It was early January. The frozen heart of winter. And there was a plan. Fat bikes. Studded tires. Overnight gear. And miles and miles of remote canyon where the river was frozen into an icy highway of sorts.

Some preparation was needed. I borrowed a fat bike. I scrambled around town trying to find enough screws. Then I drilled and screwed until I'd filled every-other knob on a couple tires with ice-biting metal.



Then the minor detail of packing. I'll admit that I have almost no experience camping out in single-digit-F temperatures. And that I have what I consider to be a strong interest in not freezing to death or in losing any digits or limbs to frostbite. And though I don't have personal experience, I have read enough tales of arctic and high-mountain exploration to know that pretty much any time someone steps outside a shelter into extreme winter conditions, they'll end up stumbling back in all dead or limbless.

In the week leading up to the trip, inspired by my trepidation, I spent a couple nights sleeping on the concrete driveway outside my apartment door. The first night, I was chilly by 2 a.m. and stumbled back into the heat of home to finish the night. The next night, bags, pad, clothes reconfigured, I slept comfortably in mid-teen temps and was still dozing happily as the first dog walkers of the day passed by.

It began to seem possible that I could survive a night of cold camping along an ice river. If I could get into my bag before I froze. I now began to worry about the transition between riding in the cold -- which I have some experience with -- and sleeping in the cold. January days are short. How long would we be riding into the evening? Into the night? How cold and dark would it be before we stopped riding? And would I be able to set camp, find or melt water, make food, eat, and still be alive to crawl into my sleeping bags?

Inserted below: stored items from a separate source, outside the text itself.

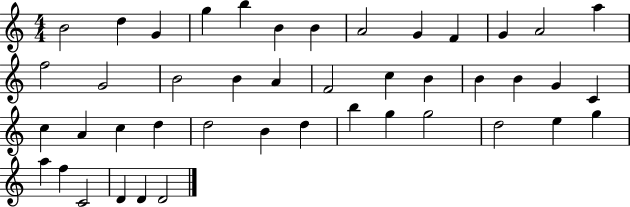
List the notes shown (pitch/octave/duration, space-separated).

B4/h D5/q G4/q G5/q B5/q B4/q B4/q A4/h G4/q F4/q G4/q A4/h A5/q F5/h G4/h B4/h B4/q A4/q F4/h C5/q B4/q B4/q B4/q G4/q C4/q C5/q A4/q C5/q D5/q D5/h B4/q D5/q B5/q G5/q G5/h D5/h E5/q G5/q A5/q F5/q C4/h D4/q D4/q D4/h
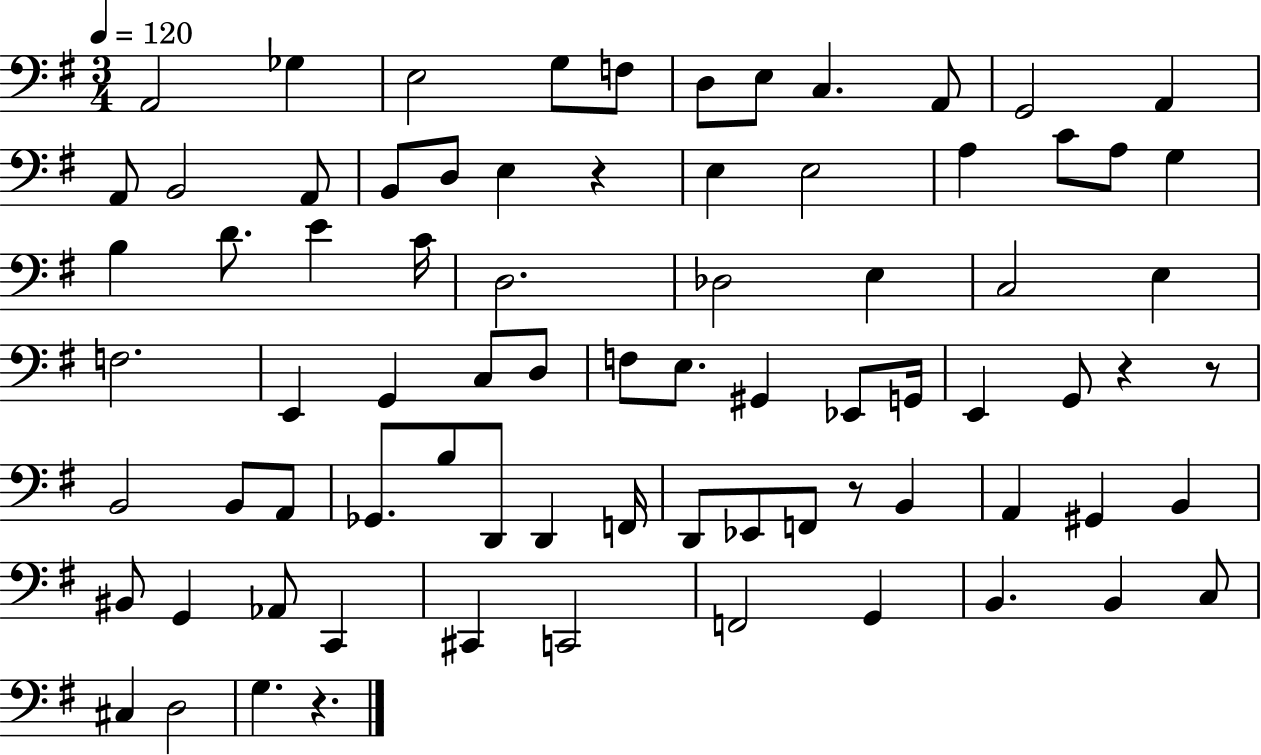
X:1
T:Untitled
M:3/4
L:1/4
K:G
A,,2 _G, E,2 G,/2 F,/2 D,/2 E,/2 C, A,,/2 G,,2 A,, A,,/2 B,,2 A,,/2 B,,/2 D,/2 E, z E, E,2 A, C/2 A,/2 G, B, D/2 E C/4 D,2 _D,2 E, C,2 E, F,2 E,, G,, C,/2 D,/2 F,/2 E,/2 ^G,, _E,,/2 G,,/4 E,, G,,/2 z z/2 B,,2 B,,/2 A,,/2 _G,,/2 B,/2 D,,/2 D,, F,,/4 D,,/2 _E,,/2 F,,/2 z/2 B,, A,, ^G,, B,, ^B,,/2 G,, _A,,/2 C,, ^C,, C,,2 F,,2 G,, B,, B,, C,/2 ^C, D,2 G, z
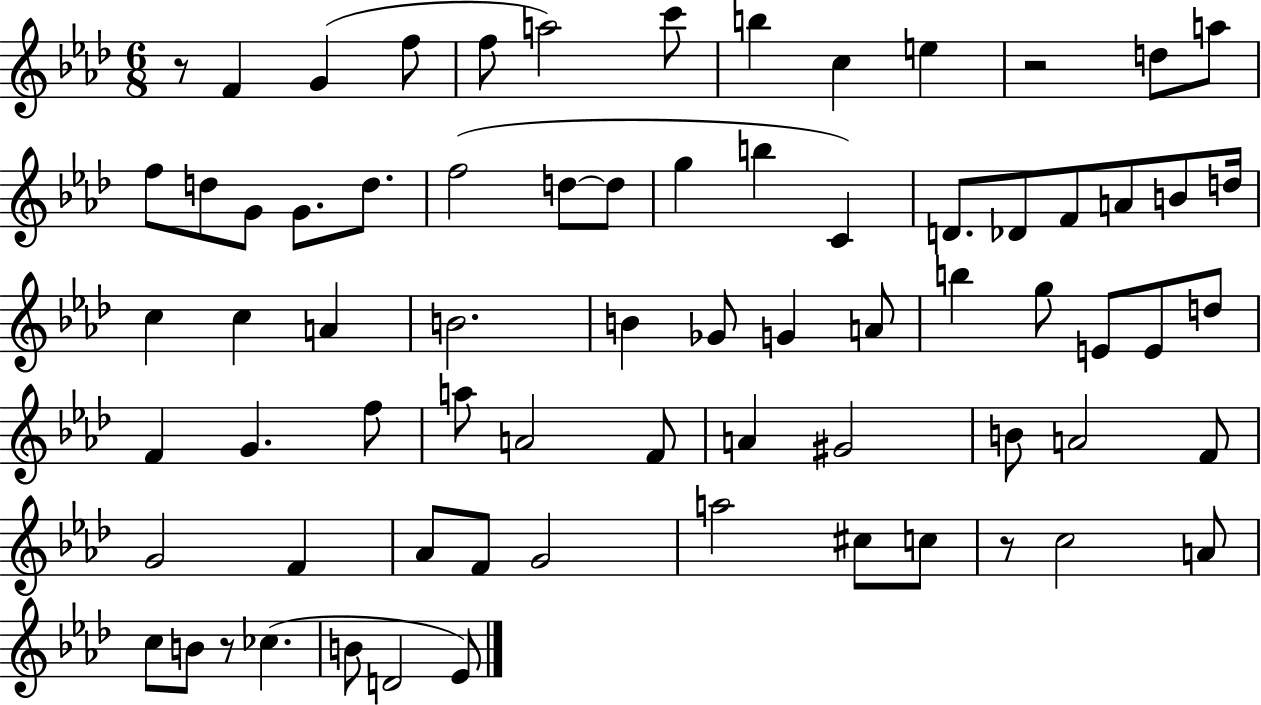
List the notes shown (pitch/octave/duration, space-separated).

R/e F4/q G4/q F5/e F5/e A5/h C6/e B5/q C5/q E5/q R/h D5/e A5/e F5/e D5/e G4/e G4/e. D5/e. F5/h D5/e D5/e G5/q B5/q C4/q D4/e. Db4/e F4/e A4/e B4/e D5/s C5/q C5/q A4/q B4/h. B4/q Gb4/e G4/q A4/e B5/q G5/e E4/e E4/e D5/e F4/q G4/q. F5/e A5/e A4/h F4/e A4/q G#4/h B4/e A4/h F4/e G4/h F4/q Ab4/e F4/e G4/h A5/h C#5/e C5/e R/e C5/h A4/e C5/e B4/e R/e CES5/q. B4/e D4/h Eb4/e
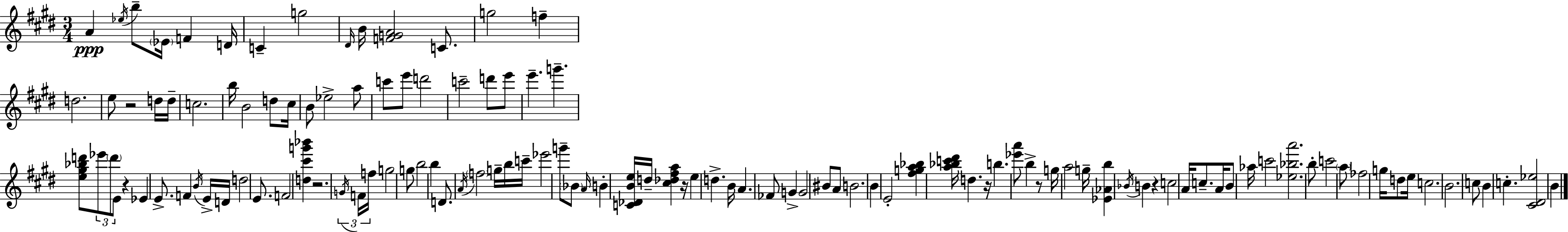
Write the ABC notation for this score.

X:1
T:Untitled
M:3/4
L:1/4
K:E
A _e/4 b/2 _E/4 F D/4 C g2 ^D/4 B/4 [FGA]2 C/2 g2 f d2 e/2 z2 d/4 d/4 c2 b/4 B2 d/2 ^c/4 B/2 _e2 a/2 c'/2 e'/2 d'2 c'2 d'/2 e'/2 e' g' [e^g_bd']/2 _e'/2 d'/2 E/2 z _E E/2 F B/4 E/4 D/4 d2 E/2 F2 [d^c'g'_b'] z2 G/4 F/4 f/4 g2 g/2 b2 b D/2 A/4 f2 g/4 b/4 c'/4 _e'2 g'/2 _B/2 A/4 B [C_DBe]/4 d/4 [^c_d^fa] z/4 e d B/4 A _F/2 G G2 ^B/2 A/2 B2 B E2 [^fga_b] [a_bc'^d']/4 d z/4 b [_e'a']/2 b z/2 g/4 a2 g/4 [_E_Ab] _B/4 B z c2 A/4 c/2 A/4 B/2 _a/4 c'2 [_e_ba']2 b/2 c'2 a/2 _f2 g/4 d/2 e/4 c2 B2 c/2 B c [^C^D_e]2 B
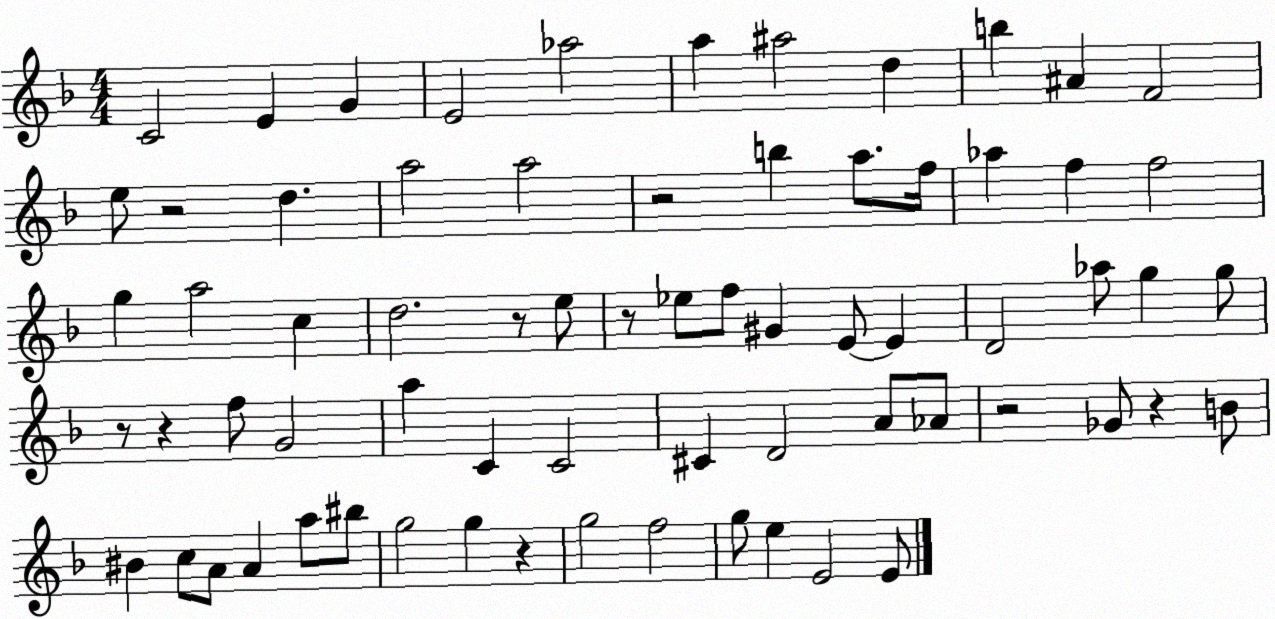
X:1
T:Untitled
M:4/4
L:1/4
K:F
C2 E G E2 _a2 a ^a2 d b ^A F2 e/2 z2 d a2 a2 z2 b a/2 f/4 _a f f2 g a2 c d2 z/2 e/2 z/2 _e/2 f/2 ^G E/2 E D2 _a/2 g g/2 z/2 z f/2 G2 a C C2 ^C D2 A/2 _A/2 z2 _G/2 z B/2 ^B c/2 A/2 A a/2 ^b/2 g2 g z g2 f2 g/2 e E2 E/2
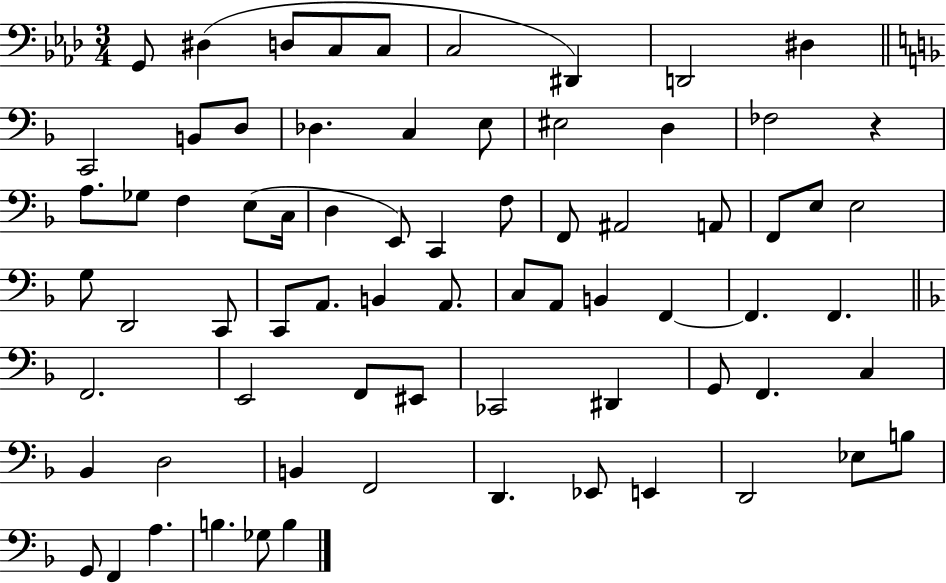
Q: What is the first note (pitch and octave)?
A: G2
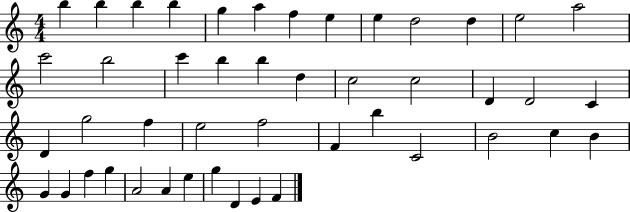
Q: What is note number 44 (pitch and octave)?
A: D4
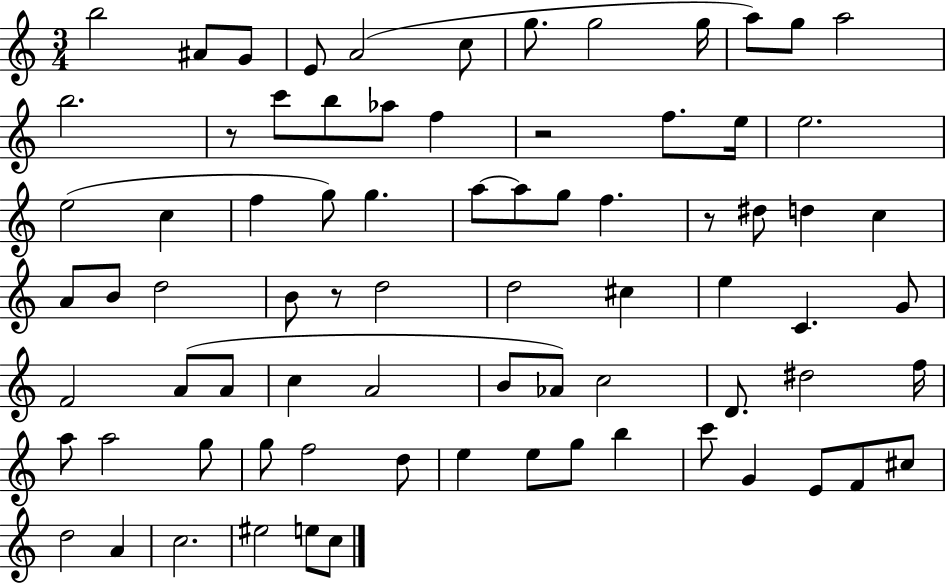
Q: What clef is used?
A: treble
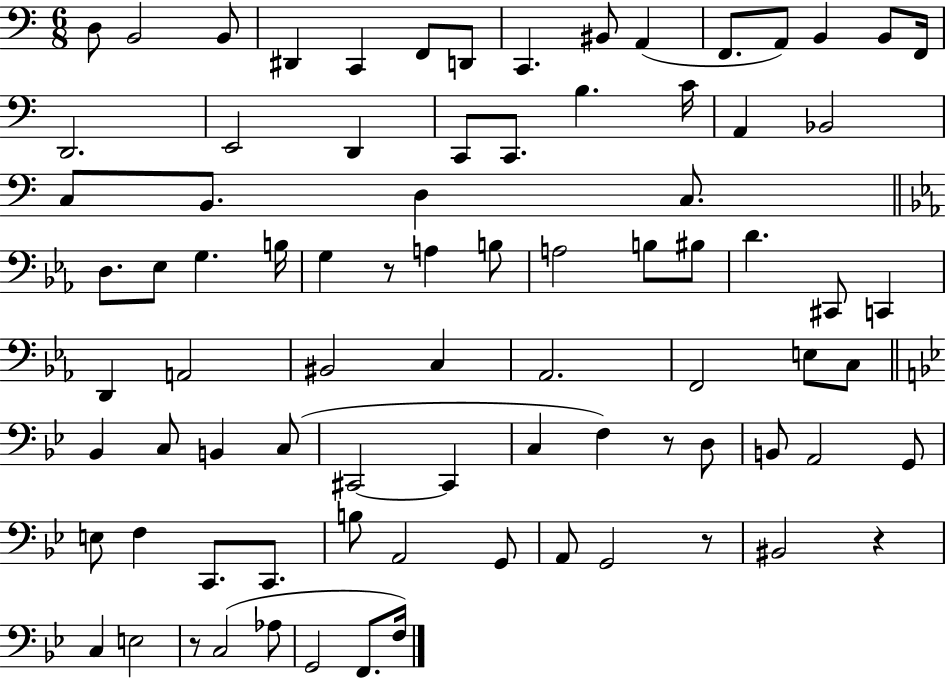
X:1
T:Untitled
M:6/8
L:1/4
K:C
D,/2 B,,2 B,,/2 ^D,, C,, F,,/2 D,,/2 C,, ^B,,/2 A,, F,,/2 A,,/2 B,, B,,/2 F,,/4 D,,2 E,,2 D,, C,,/2 C,,/2 B, C/4 A,, _B,,2 C,/2 B,,/2 D, C,/2 D,/2 _E,/2 G, B,/4 G, z/2 A, B,/2 A,2 B,/2 ^B,/2 D ^C,,/2 C,, D,, A,,2 ^B,,2 C, _A,,2 F,,2 E,/2 C,/2 _B,, C,/2 B,, C,/2 ^C,,2 ^C,, C, F, z/2 D,/2 B,,/2 A,,2 G,,/2 E,/2 F, C,,/2 C,,/2 B,/2 A,,2 G,,/2 A,,/2 G,,2 z/2 ^B,,2 z C, E,2 z/2 C,2 _A,/2 G,,2 F,,/2 F,/4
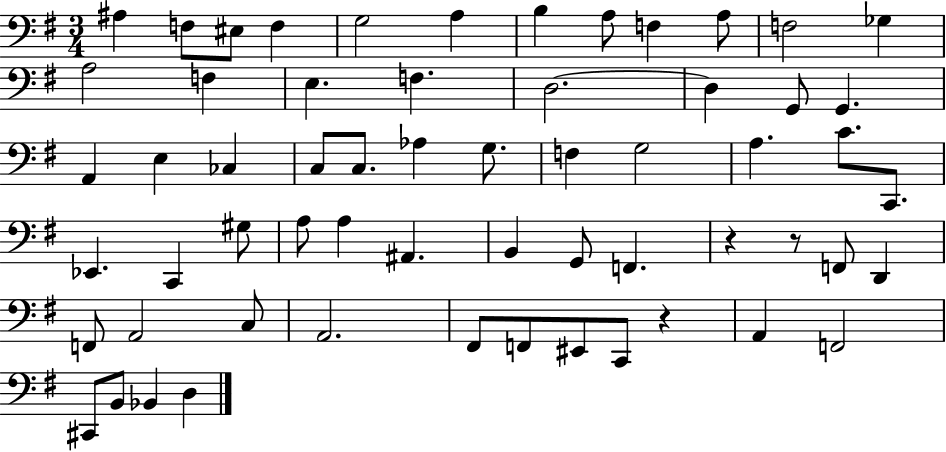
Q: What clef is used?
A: bass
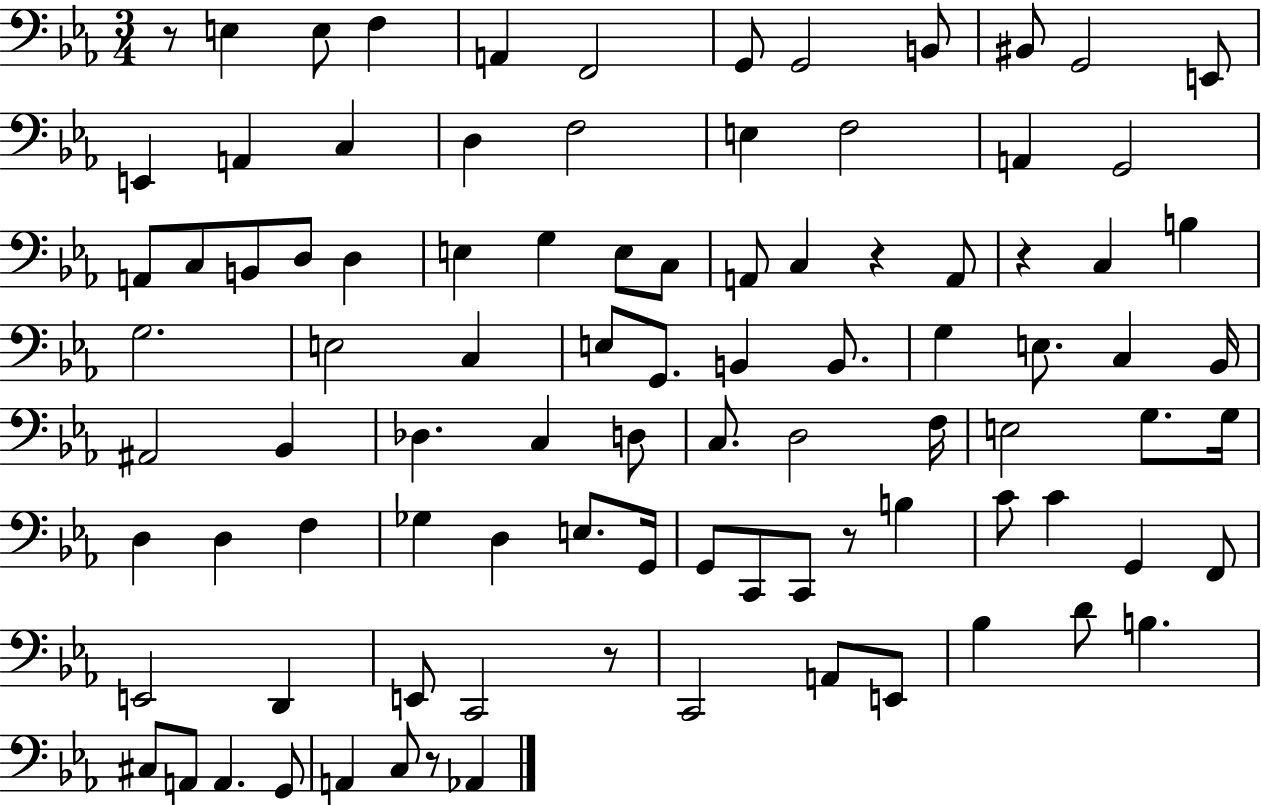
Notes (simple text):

R/e E3/q E3/e F3/q A2/q F2/h G2/e G2/h B2/e BIS2/e G2/h E2/e E2/q A2/q C3/q D3/q F3/h E3/q F3/h A2/q G2/h A2/e C3/e B2/e D3/e D3/q E3/q G3/q E3/e C3/e A2/e C3/q R/q A2/e R/q C3/q B3/q G3/h. E3/h C3/q E3/e G2/e. B2/q B2/e. G3/q E3/e. C3/q Bb2/s A#2/h Bb2/q Db3/q. C3/q D3/e C3/e. D3/h F3/s E3/h G3/e. G3/s D3/q D3/q F3/q Gb3/q D3/q E3/e. G2/s G2/e C2/e C2/e R/e B3/q C4/e C4/q G2/q F2/e E2/h D2/q E2/e C2/h R/e C2/h A2/e E2/e Bb3/q D4/e B3/q. C#3/e A2/e A2/q. G2/e A2/q C3/e R/e Ab2/q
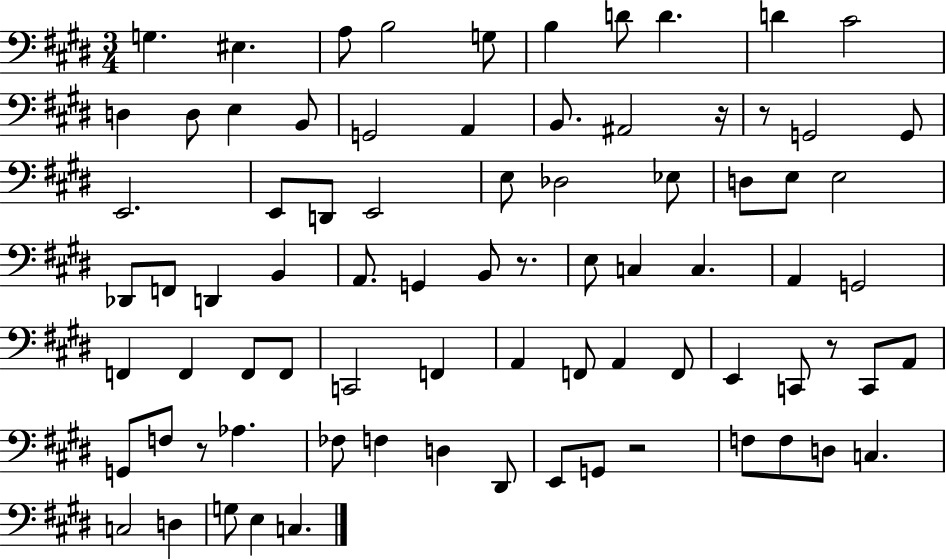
{
  \clef bass
  \numericTimeSignature
  \time 3/4
  \key e \major
  g4. eis4. | a8 b2 g8 | b4 d'8 d'4. | d'4 cis'2 | \break d4 d8 e4 b,8 | g,2 a,4 | b,8. ais,2 r16 | r8 g,2 g,8 | \break e,2. | e,8 d,8 e,2 | e8 des2 ees8 | d8 e8 e2 | \break des,8 f,8 d,4 b,4 | a,8. g,4 b,8 r8. | e8 c4 c4. | a,4 g,2 | \break f,4 f,4 f,8 f,8 | c,2 f,4 | a,4 f,8 a,4 f,8 | e,4 c,8 r8 c,8 a,8 | \break g,8 f8 r8 aes4. | fes8 f4 d4 dis,8 | e,8 g,8 r2 | f8 f8 d8 c4. | \break c2 d4 | g8 e4 c4. | \bar "|."
}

The travel mode for these adventures is that each person must be strongly independent and self-prepared. I.E. one must have one's own shit together. Companion #1, Doom, is known to pedal, paddle or climb his way off into all sorts of rugged conditions. Companion #2, Mike, made a career of exploring the limits of human possibility, often in the Arctic. So I believe I was in my rights to feel somewhat intimidated by not knowing what I was doing and to fear that I might become That Guy, the awkward travel companion who slows everyone down, endangers the group, and -- most embarrassingly -- has the potential of becoming a heavy, frozen human body that everyone else has to drag out of the wilderness to present to the authorities as an example of all the mistakes one shouldn't make.

Luckily, my own fears were somewhat mollified by the presence of companion #3, Little Jeny Sunshine, Mike's dear consort, who, though certainly an adventurous sort, seemed to have as little experience as I with this sort of icy adventure. I was comforted by that lack of experience and by the fact that I outweighed her by a considerable amount. Enough that it was easy for me to imagine that she, not I, would be the first to freeze into a solid block of ice.

The preparations were made. The day came. Mike, Jeny and I headed out to meet Doom at the start. And… We got shut down.

The river was not frozen. Or, it was frozen a little bit, covered in shadowy places by rotten ice. But there was also lots of open water visible from the bridge where we stood, looking. Hoping.

What's a well-equipped group of winter ice bike riders to do in a situation like this? Make the best of it, that's what. The short day was already ending. We found a spot to camp. Gathered wood. Built a fire. Then gathered around the warmth, eating, drinking, and telling stories. Rotisserie humans, turning, turning, bright side burning, icy cold side filled with yearning. The night grew deeper and stars and moon wheeled overhead. At last, it was time to see if I could survive tucked away in my sleeping gear under the cold sky. Which, somewhat to my amazement, I did.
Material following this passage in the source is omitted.